With the window and following the thought of perceived importance of first impressions, say she takes the window seat. The way the light is cast on her is very different in this scene, than a situation where they are more toward the center of the room, or even if she were to move across the table to not sit next to the window.
These changes in light affect the way that the people she is meeting will view her. In harsh light her face will change, but the impression they get of her is still there. That aura that will surround her through their interaction and conversation. Her silhouette might get lost in the sun, as her new friend’s eyes adjust to the light or constantly must look at something uncomfortably bright.
What I am getting at here is that it is beautiful that we are not 3 discrete words, but an unstable flux or collection of language. It’s weather and light. Often attempts to describe yourself concretely as this or that feel like a wish, or a whim. They have unstable grounding.

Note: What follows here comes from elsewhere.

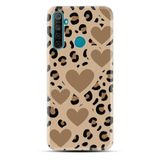 Kılıfland Realme 5i ile Uyumlu Kılıf, Leopar Desenli Kalp Baskılı, Bej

Still, I understand trends of actions will make someone be known for a personality. I can tell people are one way or another in general, by my experience with them or by the corroboration of readings from others.
But there definitely is a hazy space around what we are described as, particularly if it is self reported. Maybe it is through this secondary effect of our description that we can begin to understand things, like my intent to view myself as “Valiant” reflects upon me a truth (that might point away from actual valiance, but show a true word-self within. “he thinks himself valiant”.)
I can’t think of three words that describe me. The default seems to be to supply adjectives, but it seems limiting.
I will recall a review though for a book that I saved: “Oscillates between incomprehensible and trite.” It does feel that way sometimes.
What do I look like?
What do I look like? What is the canonical look of me? Me in a T-pose with neutral light?
A billion angles, or sequence of public photographs that I post.
The ability to be pictured on demand is me? The possibility of being a picture.
Me under blue light, or me in the moonlight?
All of my acquaintances, to me. They look like a sample of their photos. Thoughts. Suspected errors. Nothing else.